Task - Transcribe, exactly and without pictures, the lines below from the line with "mesin bubut mini" to the line with "Control for Bedroom", both ends included, and no others.

Information supplied -

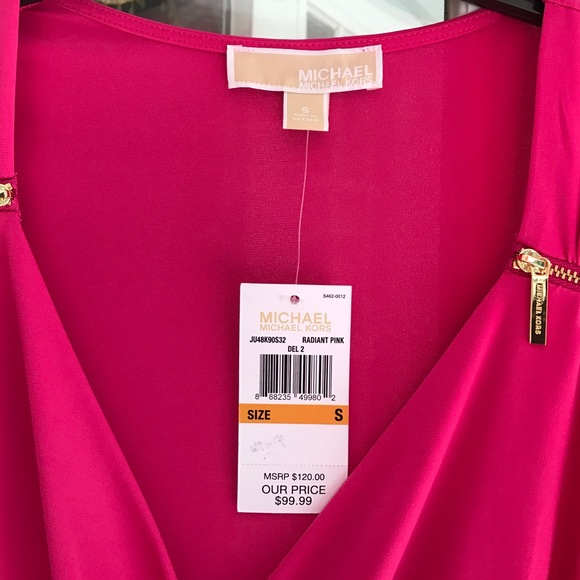 🚫🚫🚫SOLD🚫🚫🚫Pink Michael Kors dress - Picture 2 of 4
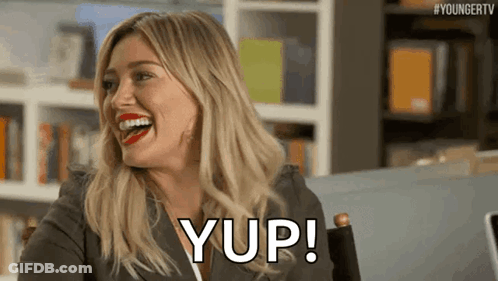 Woman Laughing Yup GIF
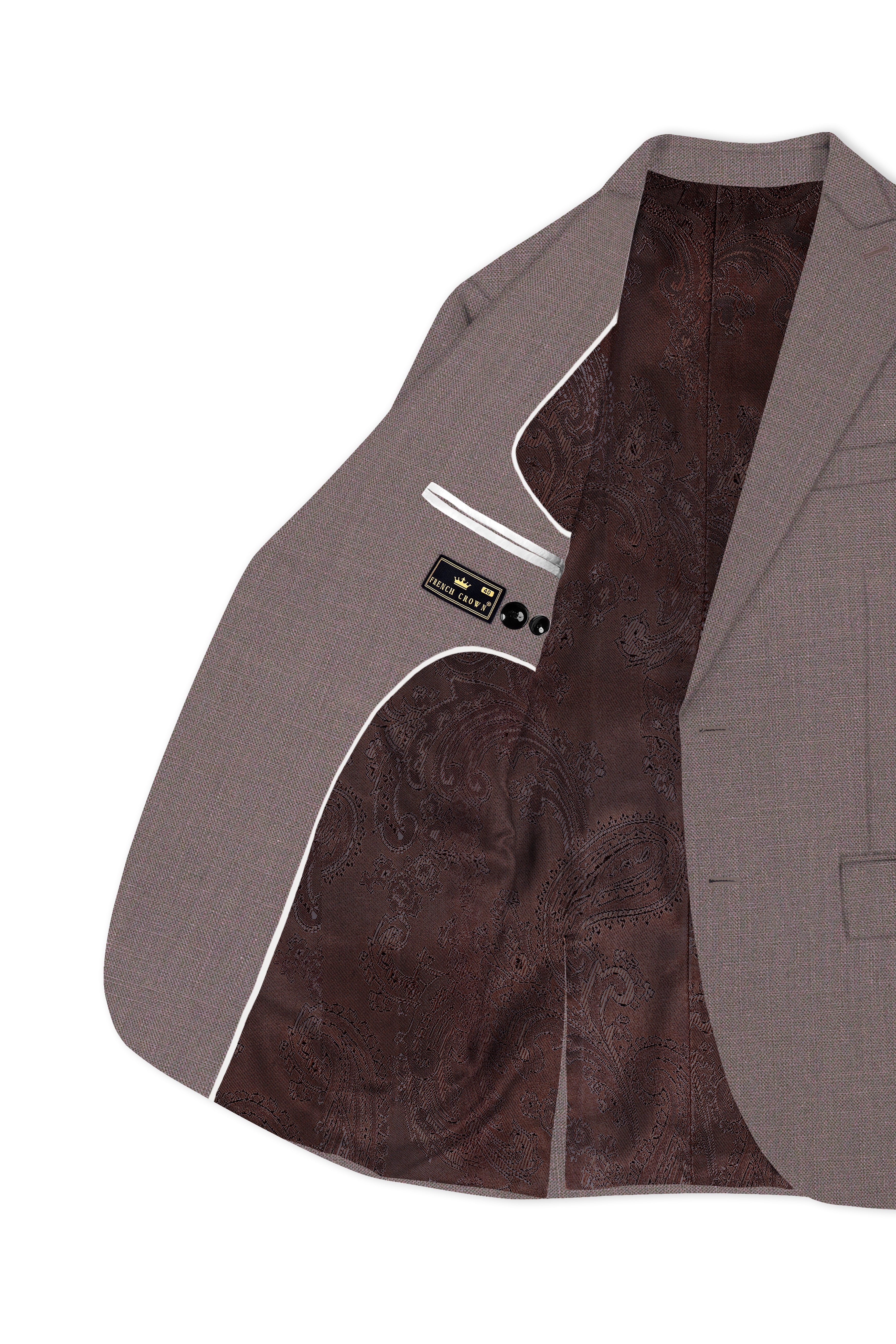 Emperor Brown Premium Cotton Blazer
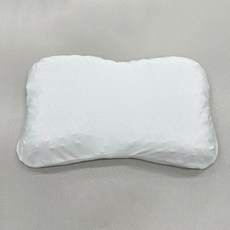 鬆餅格紋枕 側邊網布款, 白色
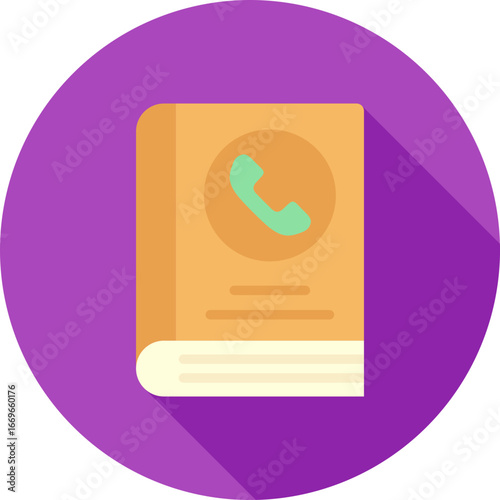 Address Book icon vector image. Suitable for mobile apps, web apps and print media.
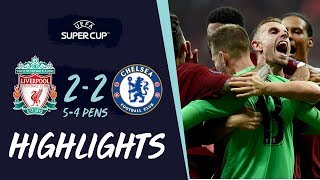 Super Cup Highlights  Penaltyhero Adrian secures Reds win in Istanbul  Liverpool vs Chelsea [upl. by Lais59]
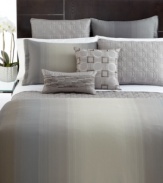 Decidedly luxurious, Hotel Collection's Ombre Stripe European shams offer a modern look of serene sophistication with graduating stripes on yarn-dyed Pima cotton. Featuring invisible zipper closure; finished with a double flange.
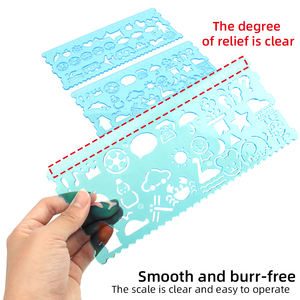 Ensemble de papeterie en plastique motif animal Kawaii Règles d'éducation de la petite enfance - Product Image 4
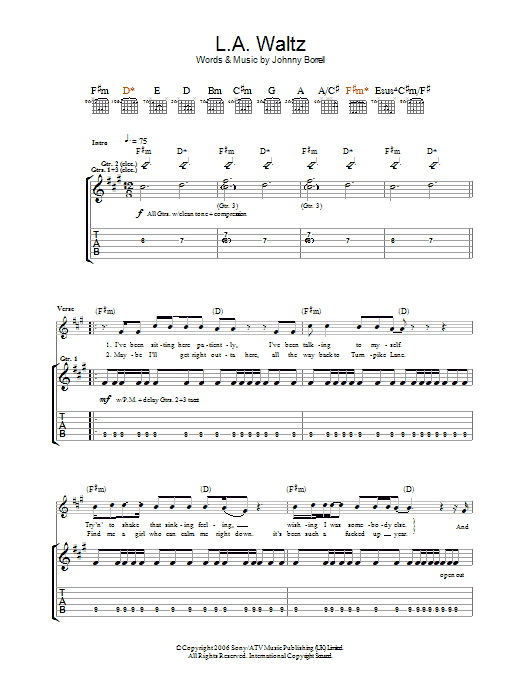 Produktgalerie: Seite 1 von 1 Los Angeles Waltz, Razorlight, Gitarre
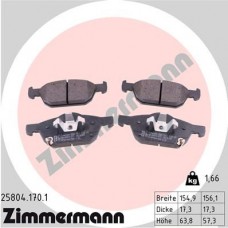 25804.170.1 ZIMMERMANN Комплект гальмівних колодок дисковий гальм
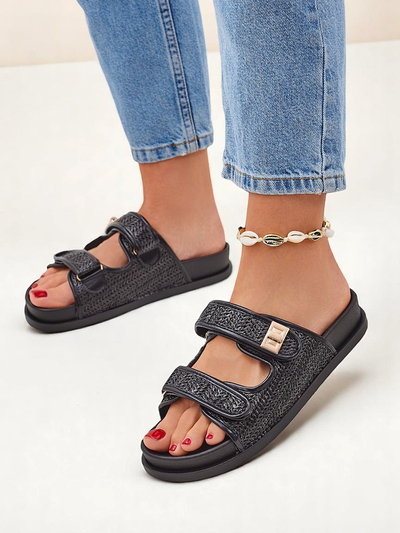 Mules Femme Royalfashion avec Design Tressé Delibeli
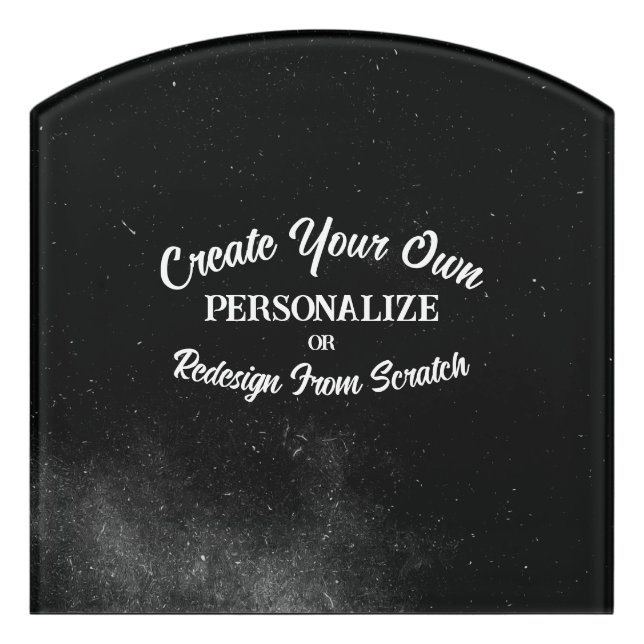 Your Design Here - Create Your Own Door Sign (Contour Front)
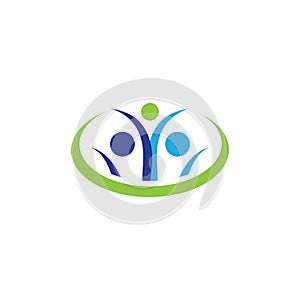 Family care and Community, network social logo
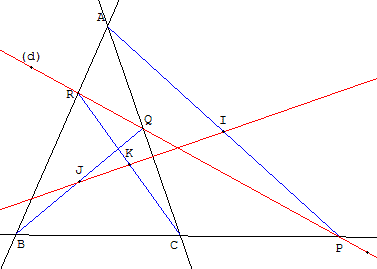 Droite de Newton d'un triangle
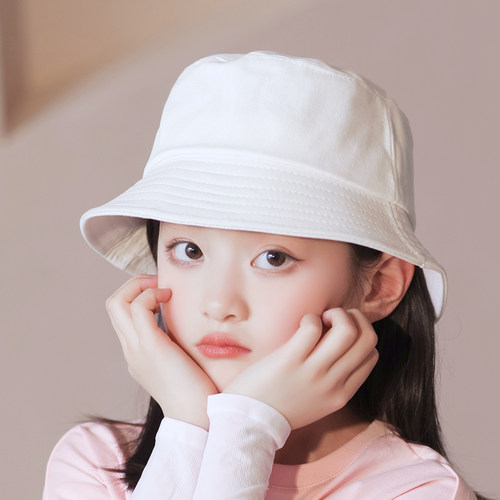渔夫帽儿童防晒遮阳帽子洋气夏季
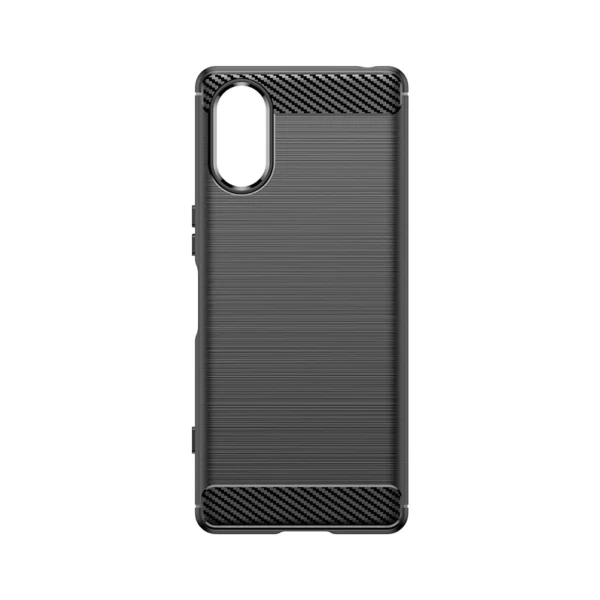 Carbon Case for Sony Xperia 5 V - black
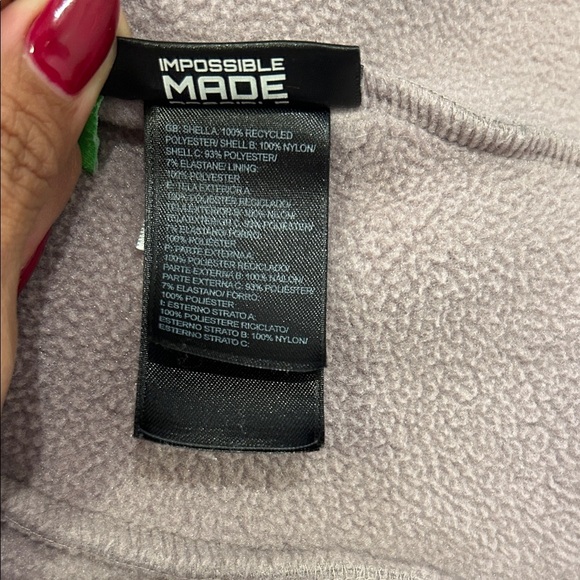 The North Face Women's Denali Hoodie, lilac color, Size Medium - Picture 9 of 12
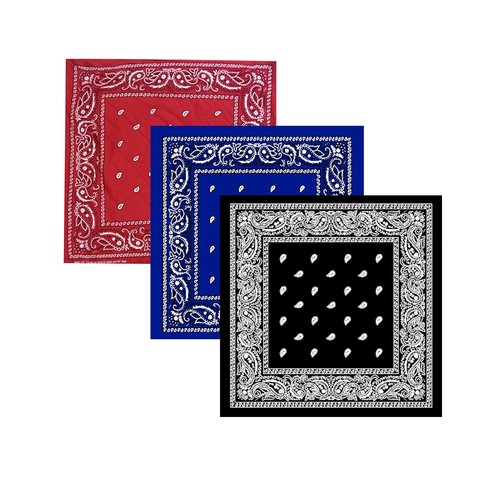 100 cotton paisley bandana - paisley,
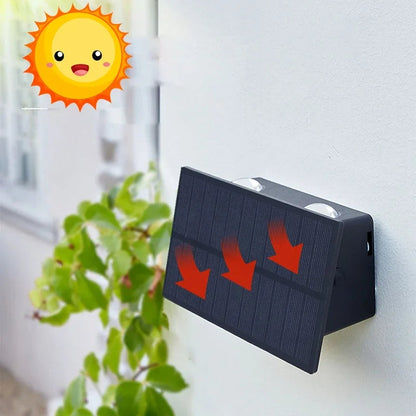 Lámpara Solar Exterior de Luz Cálida para Balcón y Jardín – Diseño Elegante y Duradero, Sin Cables 3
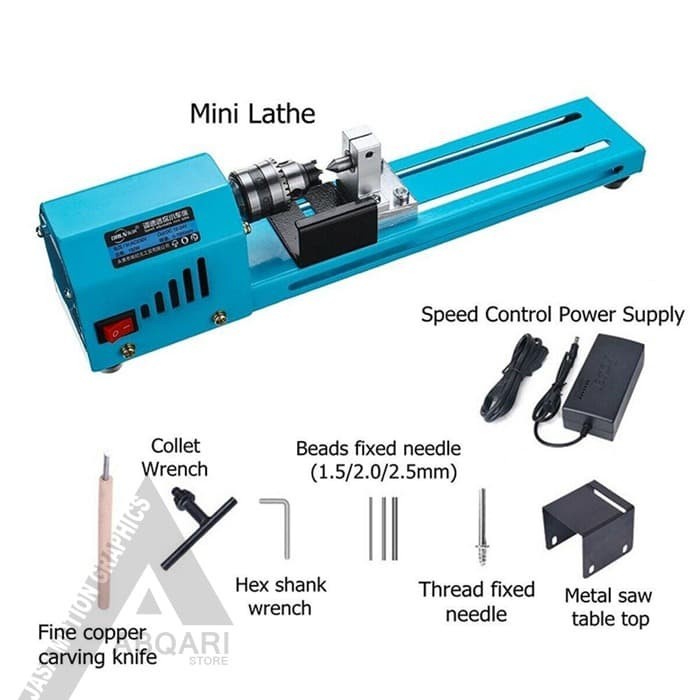 mesin bubut mini / mini lathe / Lathe Beads Machine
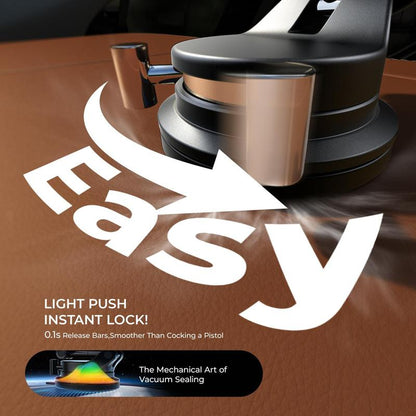 MagSafe Vacuum Car Phone Holder – 360° Locking Suction, Ultra-Stable, One-Step Mounting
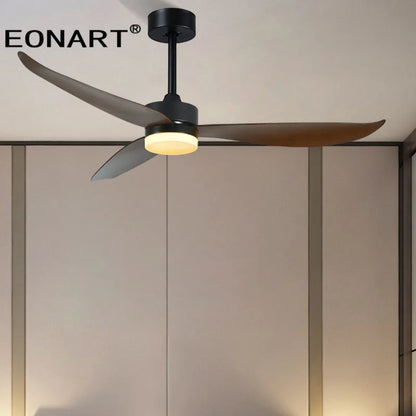 DecorBites™ 52" Plastic Blade Ceiling Fan with Remote Control for Bedroom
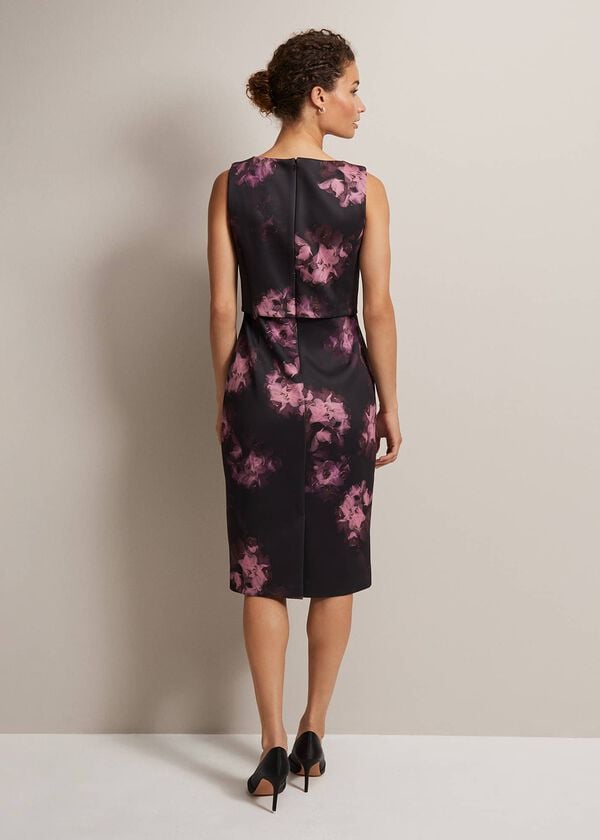 Phase Eight Arianne Abstract Floral Scuba Dress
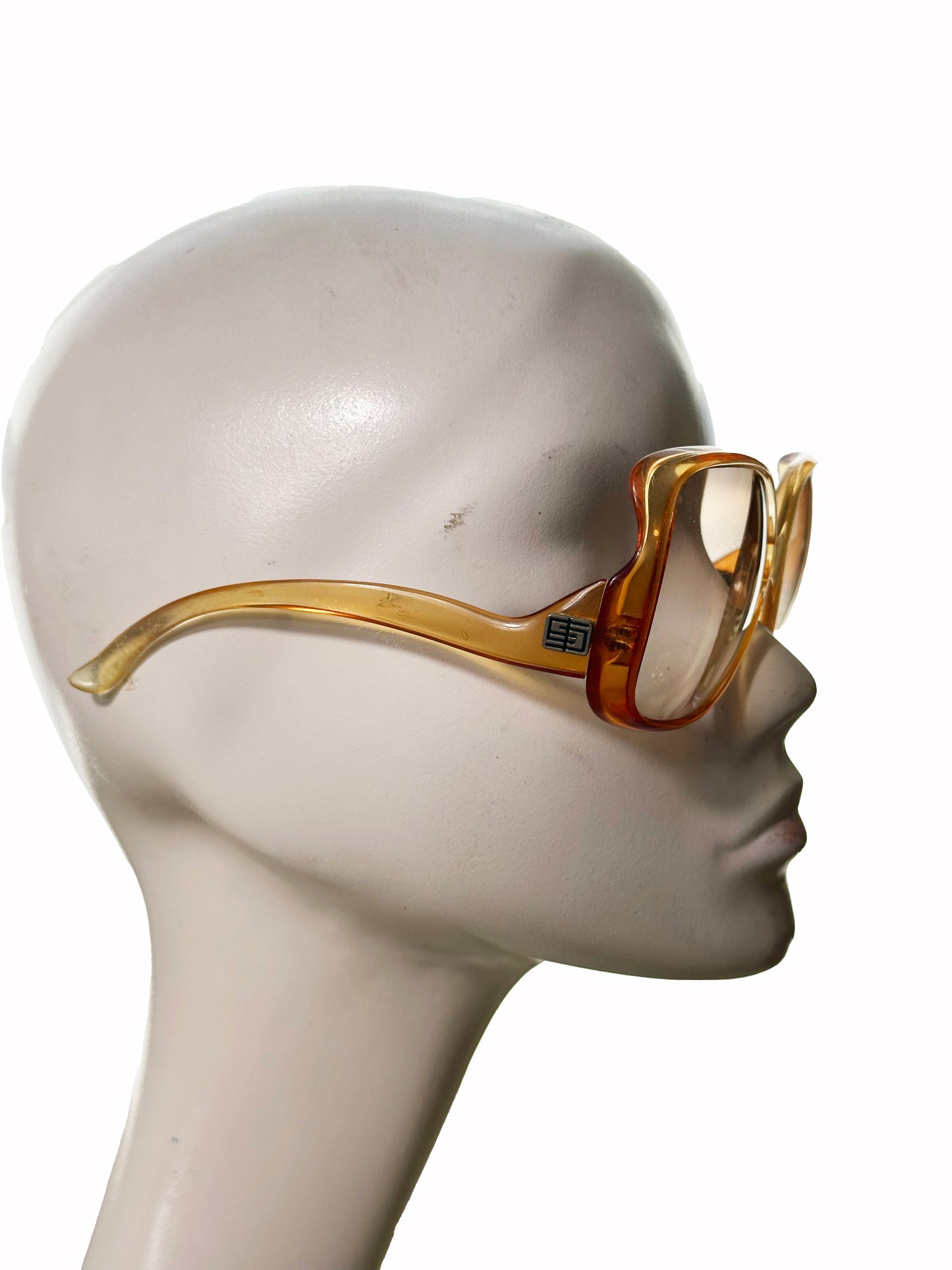 Emilio Pucci 1970s Butterfly Glasses Orange Lenses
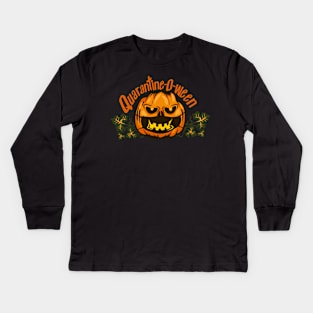 Quarantine-o-ween Kids Long Sleeve T-Shirt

Completed exercise -
 mesin bubut mini / mini lathe / Lathe Beads Machine
 MagSafe Vacuum Car Phone Holder – 360° Locking Suction, Ultra-Stable, One-Step Mounting
 DecorBites™ 52" Plastic Blade Ceiling Fan with Remote Control for Bedroom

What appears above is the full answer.